Question: Should We Extend The Reorder Behavior/Action to Active Medications?

  • From a clinical workflow standpoint, does Refill/Reorder terminology matter?
    • “Refill” might suggest dispensing the next refill from an existing prescription (typically a pharmacy function - maintaining a chain of related orders)
    • “Reorder” might suggest creating an entirely new prescription order (Creates a standalone new order without linking to the previous order)
  • Is there a need to link to the previousOrder?

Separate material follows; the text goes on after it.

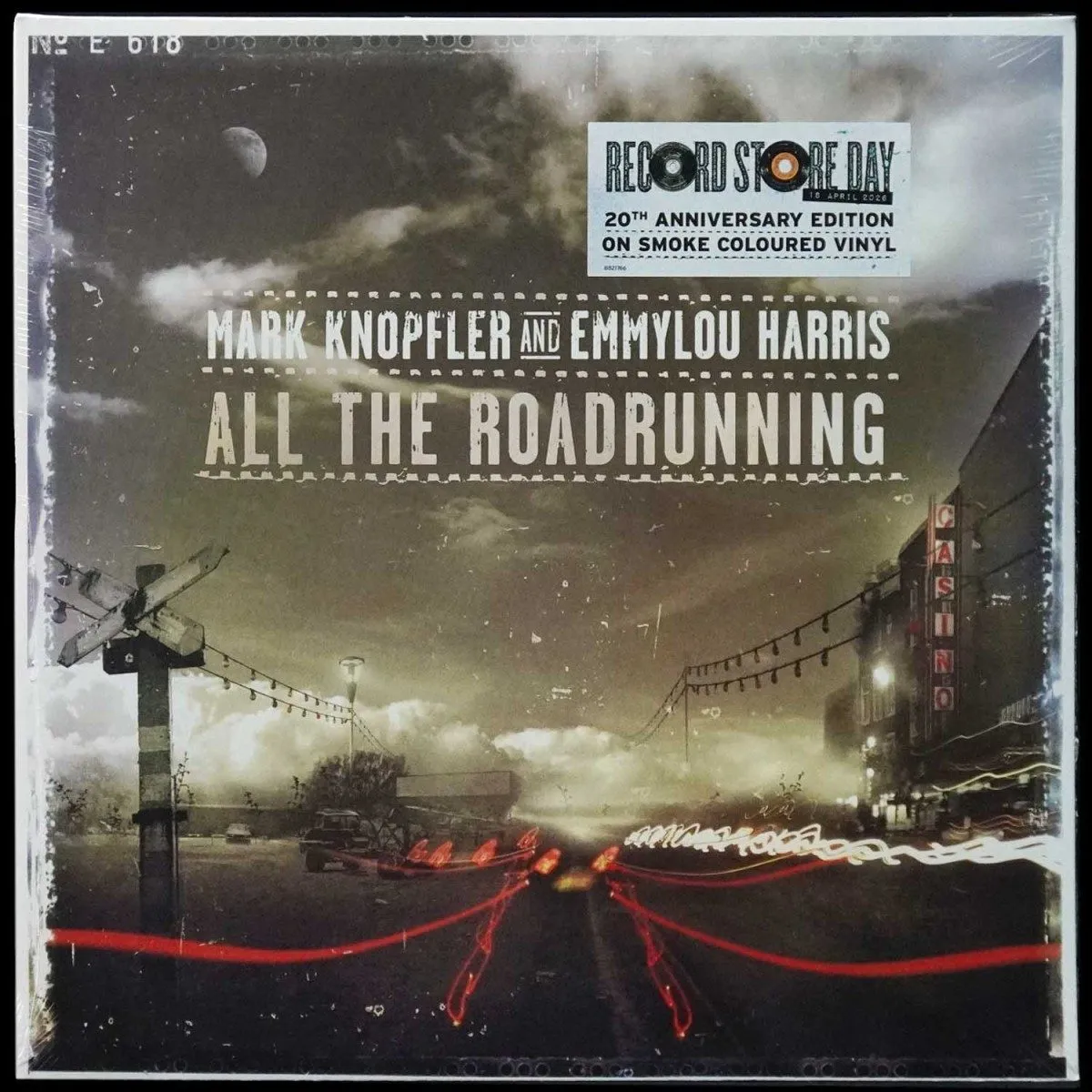LP Mark Knopfler — All The Roadrunning (2LP, цветной винил) фото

Please share your thoughts and use cases.

Related Discussions:

  1. Jira Ticket: Jira
  2. PR: (feat) O3-5169: Add Refill button for medications by UjjawalPrabhat · Pull Request #2843 · openmrs/openmrs-esm-patient-chart · GitHub
2 Likes

For chronic diseases, what i understand that there would be multiple follow-ups to adjust the dosage or to assess other impacts even though patient is table, like diabetes is managed. In this context, I got feedback from clinicians to have “Reorder” button available for “Active Medications” as well, as patient might show up few days early before appointment or the active medications yet to expire. And also, it should be linked to previous order as to show the continuity of the medication.

Any use-case which creates an order based on an existing (or expired) order should link to the order it is based on.

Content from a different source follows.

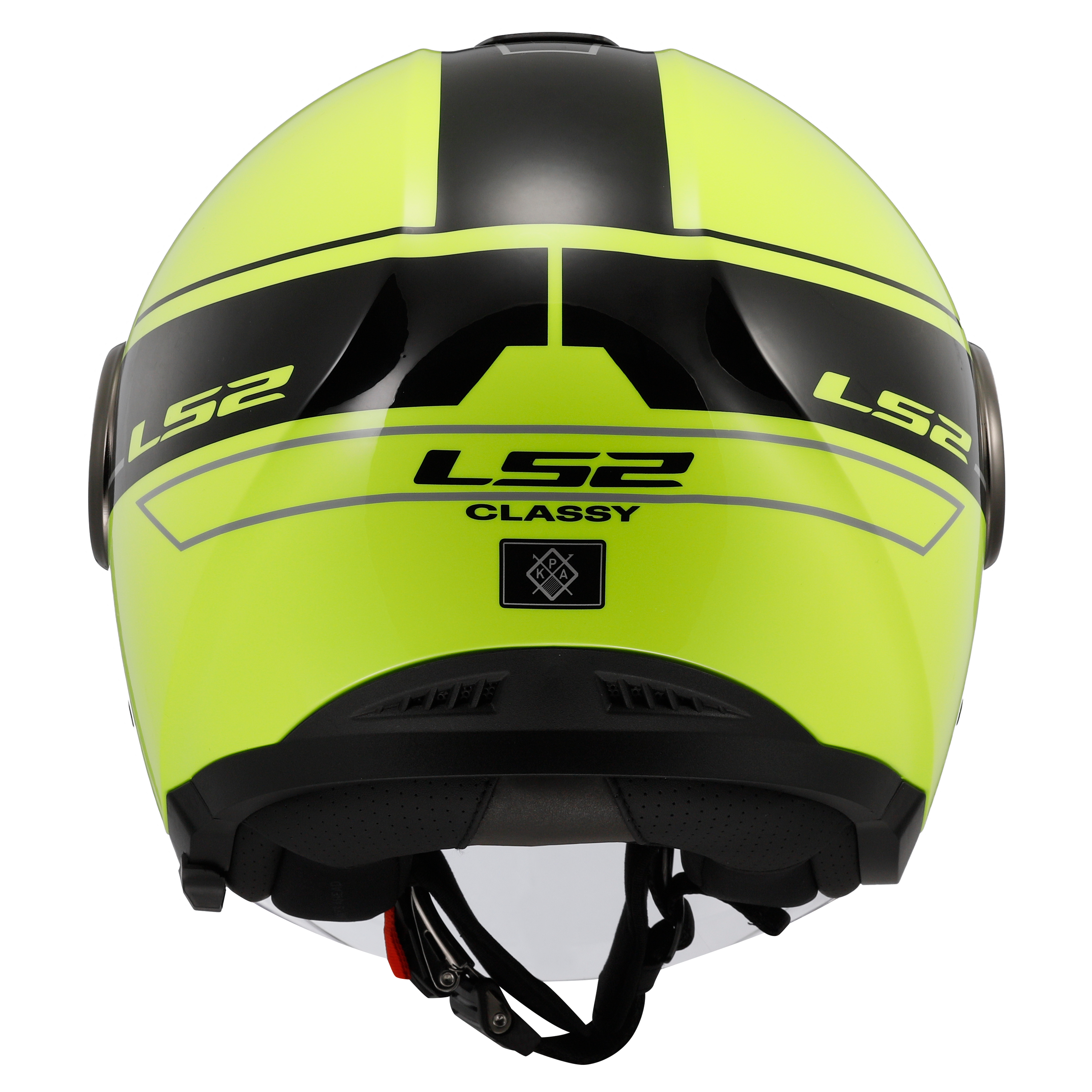 CLASSY CLASSIC GLOSS BLACK H-V YELLOW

Terminologically, I’d think a “refill” is something a pharmacy does, not a clinician. A clinician might “renew” an existing order.

3 Likes

Echoing @ibacher and @horaira’s sentiments. It sounds like the clinical need isn’t necessarily for an entirely new “refill” workflow, but rather a clear way for providers to reorder past medications.

I’d suggest we:

  1. Keep the existing “Reorder” terminology - Skip introducing a new “Refill” label. “Reorder” is simpler and more accurate for what we’re actually doing.
  2. Add proper order linkage - Set the previousOrder property to the UUID of the medication being reordered. This creates a proper audit trail and maintains the relationship between orders in the system.
  3. Improve the UX flow - Launch users directly into the order form in edit mode, rather than just adding an item to the order basket where it’s not immediately obvious they need to click the tile to access the edit form. This is the current UX with the reorder action.
1 Like

Thank you so much, everyone, for the valuable feedback. Based on your suggestions and my understanding, here is a summary of the direction we are taking. Please let me know if there is anything I may have omitted.

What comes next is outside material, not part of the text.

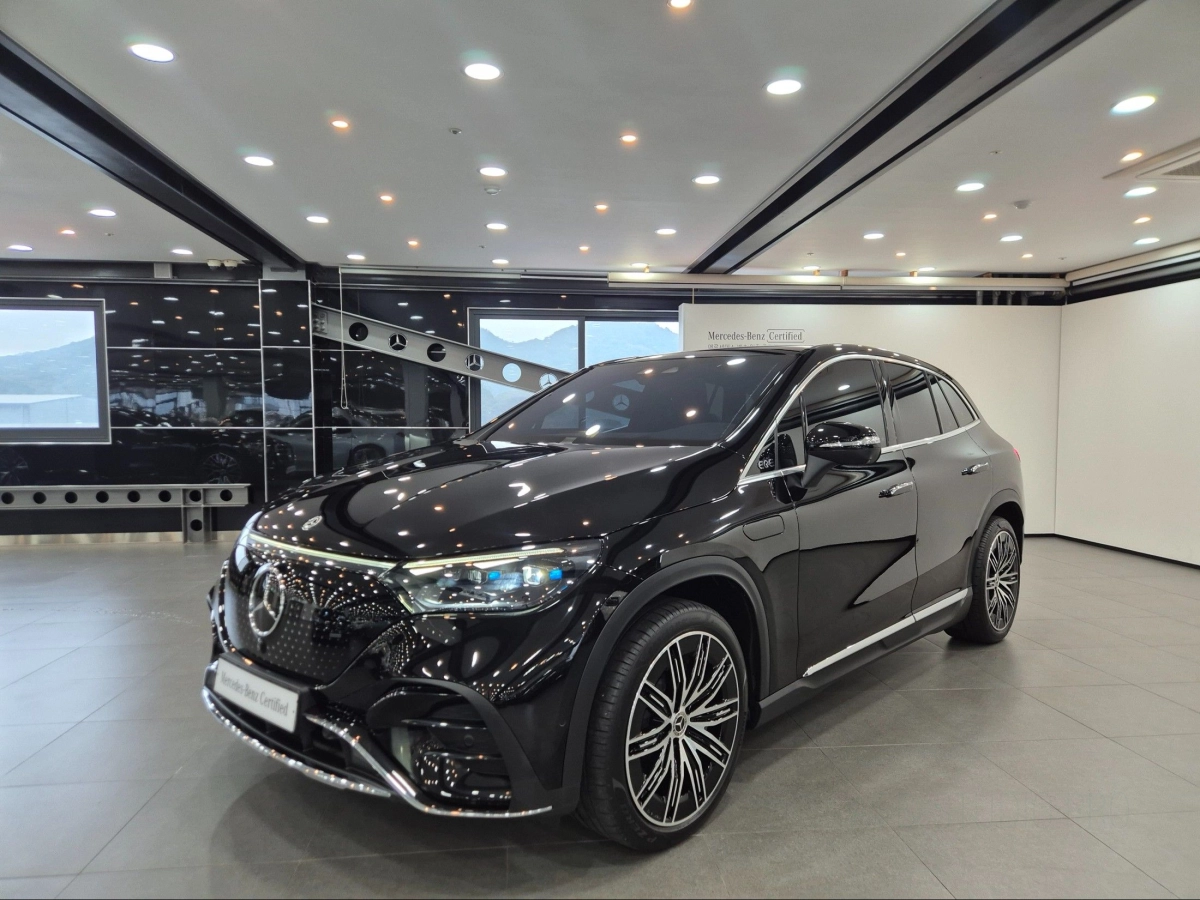 MERCEDES BENZ EQE SUV X294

  1. We are going to use Renew as the action label
  2. The Renew Action will be extended to the Active Medications
    1. Past medications have that already, but the Reorder Action should also be renamed as Renew
  3. Renewed order will be linked to its predecessor via the previousOrder attribute to maintain the relationship between orders in the system
  4. Quick Renew (Sign and Close) and Edit before Renewingoptions remain.